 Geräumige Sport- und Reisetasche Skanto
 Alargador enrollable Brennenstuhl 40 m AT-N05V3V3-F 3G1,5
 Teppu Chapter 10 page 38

########################################

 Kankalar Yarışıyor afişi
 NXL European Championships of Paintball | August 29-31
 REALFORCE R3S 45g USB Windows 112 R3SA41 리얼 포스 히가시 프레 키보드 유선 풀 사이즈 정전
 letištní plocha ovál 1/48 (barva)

########################################

- _EXERCISE DESCRIPTION_:
Scan the entries above for the line containing "NXL European Championships", and copy it and all lines after it exactly, down to and including the line containing "letištní plocha ovál 1/48 (barva)".

- _WRITTEN RESPONSE_:
 NXL European Championships of Paintball | August 29-31
 REALFORCE R3S 45g USB Windows 112 R3SA41 리얼 포스 히가시 프레 키보드 유선 풀 사이즈 정전
 letištní plocha ovál 1/48 (barva)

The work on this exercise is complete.